PAUSE PARENTS give themselves time to think. They stay calm and quiet and don’t overreact in a crisis. If their child is arguing, whingeing or shouting, they realise it doesn’t help to get wound up and sucked into the drama. They know that once everyone has simmered down, everything will become clear. Then they can pick up the pieces, solve the problem, and maybe even stop the same scene playing itself out again in the future.
CHEERLEADER PARENTS focus on their child’s good points and are great at motivating with praise. It’s not that they don’t care if their child misbehaves; they stay positive because they know it gets results and that bad behaviour tends to shrivel up from lack of attention. Often saying something kind is all it takes.
TUNED-IN PARENTS understand the feelings behind their child’s behaviour and try to work out why he is behaving as he is. When their child is behaving badly or being defiant, they assume there’s a good reason for it, even if they don’t know exactly what it is. So before telling him off, they listen. They are brilliant at breaking deadlocks by helping their child deal with difficult feelings.
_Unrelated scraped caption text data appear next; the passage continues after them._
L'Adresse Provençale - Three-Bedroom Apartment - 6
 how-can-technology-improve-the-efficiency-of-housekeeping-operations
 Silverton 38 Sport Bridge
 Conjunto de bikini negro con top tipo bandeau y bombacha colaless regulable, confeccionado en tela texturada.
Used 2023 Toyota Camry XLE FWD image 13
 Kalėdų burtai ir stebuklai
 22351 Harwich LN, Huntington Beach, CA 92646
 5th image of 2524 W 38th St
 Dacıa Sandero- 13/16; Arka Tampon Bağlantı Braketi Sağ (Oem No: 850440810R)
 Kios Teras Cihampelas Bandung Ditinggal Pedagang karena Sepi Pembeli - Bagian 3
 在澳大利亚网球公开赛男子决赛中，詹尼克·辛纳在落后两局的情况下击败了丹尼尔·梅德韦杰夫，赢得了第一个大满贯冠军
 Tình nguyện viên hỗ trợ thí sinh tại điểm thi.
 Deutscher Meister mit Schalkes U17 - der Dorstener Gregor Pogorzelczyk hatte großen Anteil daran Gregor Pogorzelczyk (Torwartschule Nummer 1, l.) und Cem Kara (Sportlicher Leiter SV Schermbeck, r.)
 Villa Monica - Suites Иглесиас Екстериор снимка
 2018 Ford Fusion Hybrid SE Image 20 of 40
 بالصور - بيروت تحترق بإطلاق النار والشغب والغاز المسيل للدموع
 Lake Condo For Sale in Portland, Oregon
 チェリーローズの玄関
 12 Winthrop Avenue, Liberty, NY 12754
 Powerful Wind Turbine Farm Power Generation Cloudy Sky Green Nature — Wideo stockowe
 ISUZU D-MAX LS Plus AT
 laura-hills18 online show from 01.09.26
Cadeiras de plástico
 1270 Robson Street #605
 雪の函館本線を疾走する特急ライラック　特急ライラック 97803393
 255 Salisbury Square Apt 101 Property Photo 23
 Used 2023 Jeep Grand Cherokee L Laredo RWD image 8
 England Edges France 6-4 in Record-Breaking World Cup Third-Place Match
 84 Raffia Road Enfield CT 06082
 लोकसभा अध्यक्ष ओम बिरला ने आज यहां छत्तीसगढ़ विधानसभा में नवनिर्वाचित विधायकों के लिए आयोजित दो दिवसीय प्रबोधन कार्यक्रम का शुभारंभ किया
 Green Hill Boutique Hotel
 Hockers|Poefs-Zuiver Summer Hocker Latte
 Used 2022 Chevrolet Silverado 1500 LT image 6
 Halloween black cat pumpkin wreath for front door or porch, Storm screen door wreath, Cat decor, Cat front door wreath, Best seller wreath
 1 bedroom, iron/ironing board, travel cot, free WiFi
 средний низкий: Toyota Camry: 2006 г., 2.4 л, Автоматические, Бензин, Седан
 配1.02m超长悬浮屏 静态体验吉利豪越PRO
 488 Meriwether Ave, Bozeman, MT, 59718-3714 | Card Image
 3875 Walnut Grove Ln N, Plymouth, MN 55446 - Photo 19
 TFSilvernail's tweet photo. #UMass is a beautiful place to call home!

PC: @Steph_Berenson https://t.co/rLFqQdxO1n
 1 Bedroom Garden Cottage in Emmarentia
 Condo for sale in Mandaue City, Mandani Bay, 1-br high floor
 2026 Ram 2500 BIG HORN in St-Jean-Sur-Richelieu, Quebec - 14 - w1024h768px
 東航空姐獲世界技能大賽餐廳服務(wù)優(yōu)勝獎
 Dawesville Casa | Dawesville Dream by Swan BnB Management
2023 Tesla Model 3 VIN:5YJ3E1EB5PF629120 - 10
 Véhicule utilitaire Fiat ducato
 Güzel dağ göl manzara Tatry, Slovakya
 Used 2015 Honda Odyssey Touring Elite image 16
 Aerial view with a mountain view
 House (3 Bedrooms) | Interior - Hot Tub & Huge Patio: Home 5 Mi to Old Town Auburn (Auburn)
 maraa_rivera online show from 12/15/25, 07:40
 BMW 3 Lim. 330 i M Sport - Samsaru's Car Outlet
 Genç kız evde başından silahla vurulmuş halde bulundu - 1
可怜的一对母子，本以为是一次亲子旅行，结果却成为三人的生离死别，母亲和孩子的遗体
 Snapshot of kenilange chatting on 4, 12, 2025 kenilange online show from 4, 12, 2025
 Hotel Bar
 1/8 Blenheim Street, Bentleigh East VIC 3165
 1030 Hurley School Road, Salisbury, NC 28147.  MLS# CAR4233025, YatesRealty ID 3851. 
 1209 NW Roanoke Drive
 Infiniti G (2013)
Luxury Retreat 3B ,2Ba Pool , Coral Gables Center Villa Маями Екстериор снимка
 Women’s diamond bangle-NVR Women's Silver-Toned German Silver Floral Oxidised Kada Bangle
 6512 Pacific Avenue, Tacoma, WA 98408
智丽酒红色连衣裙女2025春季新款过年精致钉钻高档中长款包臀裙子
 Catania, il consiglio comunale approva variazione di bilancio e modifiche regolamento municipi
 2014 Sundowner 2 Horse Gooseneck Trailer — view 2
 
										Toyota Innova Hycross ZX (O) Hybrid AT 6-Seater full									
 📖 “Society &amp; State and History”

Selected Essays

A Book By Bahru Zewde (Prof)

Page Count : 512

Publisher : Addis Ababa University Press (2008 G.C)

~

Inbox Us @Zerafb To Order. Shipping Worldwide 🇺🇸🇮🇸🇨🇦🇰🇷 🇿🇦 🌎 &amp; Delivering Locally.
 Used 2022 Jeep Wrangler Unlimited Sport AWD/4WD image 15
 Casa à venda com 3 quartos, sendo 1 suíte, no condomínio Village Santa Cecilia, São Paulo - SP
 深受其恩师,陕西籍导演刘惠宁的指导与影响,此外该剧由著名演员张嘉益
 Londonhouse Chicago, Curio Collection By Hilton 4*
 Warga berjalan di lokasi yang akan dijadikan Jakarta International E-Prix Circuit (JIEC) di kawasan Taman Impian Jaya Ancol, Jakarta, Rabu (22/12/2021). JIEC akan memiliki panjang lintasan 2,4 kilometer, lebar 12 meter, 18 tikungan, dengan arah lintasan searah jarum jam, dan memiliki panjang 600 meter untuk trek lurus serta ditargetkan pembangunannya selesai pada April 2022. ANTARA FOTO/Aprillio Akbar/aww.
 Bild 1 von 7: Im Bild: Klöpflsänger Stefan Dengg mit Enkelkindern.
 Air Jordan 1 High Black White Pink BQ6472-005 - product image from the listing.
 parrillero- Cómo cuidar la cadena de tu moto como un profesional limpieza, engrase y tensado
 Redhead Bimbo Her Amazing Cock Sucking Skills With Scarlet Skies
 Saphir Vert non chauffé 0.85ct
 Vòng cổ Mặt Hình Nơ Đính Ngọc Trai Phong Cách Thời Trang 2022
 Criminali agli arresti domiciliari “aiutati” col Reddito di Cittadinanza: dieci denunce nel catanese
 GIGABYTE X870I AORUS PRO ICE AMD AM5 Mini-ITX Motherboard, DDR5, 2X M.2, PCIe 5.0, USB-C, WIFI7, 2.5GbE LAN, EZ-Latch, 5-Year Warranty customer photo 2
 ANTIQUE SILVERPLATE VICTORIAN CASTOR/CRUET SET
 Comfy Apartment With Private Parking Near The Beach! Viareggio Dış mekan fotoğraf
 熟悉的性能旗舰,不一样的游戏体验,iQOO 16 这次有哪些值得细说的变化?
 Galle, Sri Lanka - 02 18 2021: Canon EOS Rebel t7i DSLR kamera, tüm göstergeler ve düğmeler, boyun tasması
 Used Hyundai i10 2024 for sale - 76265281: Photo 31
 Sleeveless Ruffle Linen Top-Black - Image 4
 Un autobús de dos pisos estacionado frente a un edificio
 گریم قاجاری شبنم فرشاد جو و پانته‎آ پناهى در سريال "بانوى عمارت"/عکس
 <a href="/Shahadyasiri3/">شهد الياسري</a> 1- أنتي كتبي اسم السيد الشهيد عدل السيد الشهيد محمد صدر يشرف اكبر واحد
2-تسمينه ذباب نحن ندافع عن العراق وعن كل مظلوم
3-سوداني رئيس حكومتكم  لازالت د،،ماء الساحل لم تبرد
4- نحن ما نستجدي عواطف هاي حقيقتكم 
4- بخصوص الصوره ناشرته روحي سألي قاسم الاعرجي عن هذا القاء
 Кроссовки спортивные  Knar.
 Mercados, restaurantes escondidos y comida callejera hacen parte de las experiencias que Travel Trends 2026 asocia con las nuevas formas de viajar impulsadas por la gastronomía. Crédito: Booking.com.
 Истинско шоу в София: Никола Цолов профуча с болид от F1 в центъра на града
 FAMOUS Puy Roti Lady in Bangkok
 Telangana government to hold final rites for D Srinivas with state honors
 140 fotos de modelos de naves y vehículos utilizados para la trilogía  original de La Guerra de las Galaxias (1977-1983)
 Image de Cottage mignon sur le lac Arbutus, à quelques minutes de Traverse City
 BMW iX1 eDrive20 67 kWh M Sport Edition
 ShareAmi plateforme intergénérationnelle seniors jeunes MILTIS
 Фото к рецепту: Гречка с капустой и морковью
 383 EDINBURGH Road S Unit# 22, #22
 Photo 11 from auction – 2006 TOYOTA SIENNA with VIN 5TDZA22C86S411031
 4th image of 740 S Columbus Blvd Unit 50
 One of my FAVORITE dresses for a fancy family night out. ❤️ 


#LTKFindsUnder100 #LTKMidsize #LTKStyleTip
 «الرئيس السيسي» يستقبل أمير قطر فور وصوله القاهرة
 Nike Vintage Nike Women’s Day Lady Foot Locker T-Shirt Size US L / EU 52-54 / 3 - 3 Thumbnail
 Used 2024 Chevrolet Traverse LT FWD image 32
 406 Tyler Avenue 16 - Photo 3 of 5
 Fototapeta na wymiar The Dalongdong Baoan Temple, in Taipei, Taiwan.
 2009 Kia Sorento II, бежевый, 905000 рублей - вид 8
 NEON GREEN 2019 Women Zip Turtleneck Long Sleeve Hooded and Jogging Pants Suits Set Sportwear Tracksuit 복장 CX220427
PHYSICAL PARENTS realise that there don’t always have to be deep psychological reasons for bad behaviour; sometimes children get ratty because they are exhausted, cooped up for too long in front of the television or juddering with sugar. They know that if their child feels well she will usually behave well — that she will be far less grumpy if she isn’t full of junk food, has a run round the park and gets a good night’s sleep. They also know a hug can work miracles.
SORTED PARENTS stay one step ahead of their child. Getting themselves and their children organised removes a whole layer of stress. If children know in advance when the television is going to be switched off or who is going to get the window seat in the car, they are far less likely to argue about it. Being a sorted parent is about seizing the upper hand and refusing to be a victim of fluctuating circumstances.
COMMANDO PARENTS have no-nonsense authority and are good at being in charge. They get things done without shouting, nagging or being bossy and everyone knows where they stand with them. ‘The juice is spilt, we need a cloth’ works much better than ‘You’re so naughty — clean up that mess now!’ LAID-BACK PARENTS manage to chill out and encourage their child to do things himself, rather than controlling every aspect of his life. They trust their children’s judgment and encourage them to develop their independence. Asking a child for solutions gets his brain working and helps him to feel more confident.